Then let's go to 2019, starting with the context. Overall, in terms of raw materials, the indicators shows that milk price will be up single digit this year and it was already the case for SMP in January. The oil price has been quite volatile. All in all, we expect raw & packs material to be up mid-to high single digit this year. When we think about Early Life Nutrition in China in 2019, we need to keep in mind that the growth will be unbalanced between semester as a consequence of 2018 growth profile. The boycott of Centrale Danone in Morocco, as I said, will be lapped at the end of April, easing significantly the base of comparison thereafter. And finally, regarding Brexit, it's still too soon to comment and guide precisely on a potential impact as long as the final deal and time line won't be clarified.
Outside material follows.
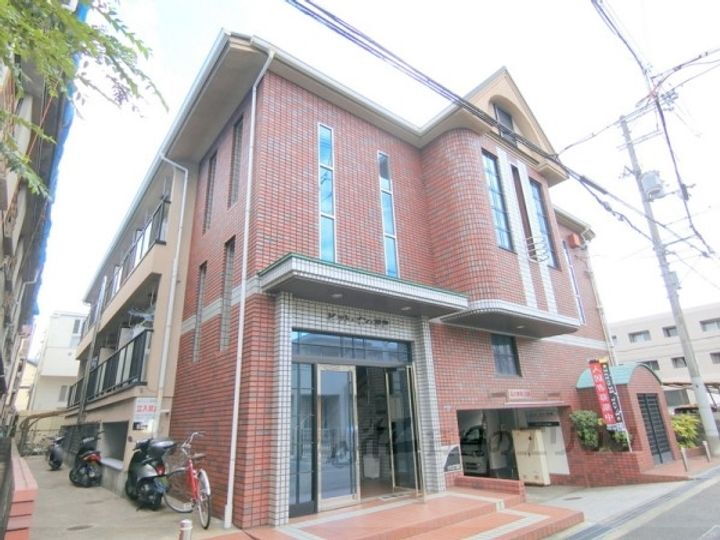 ピットイン稲葉 3階建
That being said, we are very confident that we can continue to face this volatile environment, continue to strengthen our business model and deliver against our strategic priorities, again, in 2019. We will be very focused on gross margin improvement through both topline value growth acceleration, continuing to unlock efficiencies in the way we operate and adapting the organization. We expect restructuring costs to be in the magnitude of what we had in 2018. And lastly, of course, allocate our resources with strict discipline and managing very actively our overall portfolio.

So when we say that, agility and discipline will continue to be key to safely and successfully deliver, especially towards our 2020 objective. As I mentioned, 2019 won't be a linear year. We expect to have a low start to the year in the first half and in particular in the first quarter, including less trading days due to Easter phasing this year versus last year and a much stronger second half, growing in Q4 consistently with our 2020 topline objective.

Accordingly, we will continue to increase our recurring operating margin. It will accelerate in H2 to ensure that we progress towards our 2020 commitments.

So if we move to Page 51, you remember that a few years ago, we decided to guide on EPS to make sure that we had the right flexibility to manage growth and efficiency for sustainable delivery. And we committed to delivering consistent EPS growth year-after-year. For 2019 and in order to help you understand better our path towards 2020 commitments, we have decided to guide more precisely on growth and margin. So for 2019, our guidance will be the following: Around 3% like-for-like sales growth which will be accelerating versus a base of 2.6% in full year 2018, excluding Argentina, and at least 15% of recurring operating margin.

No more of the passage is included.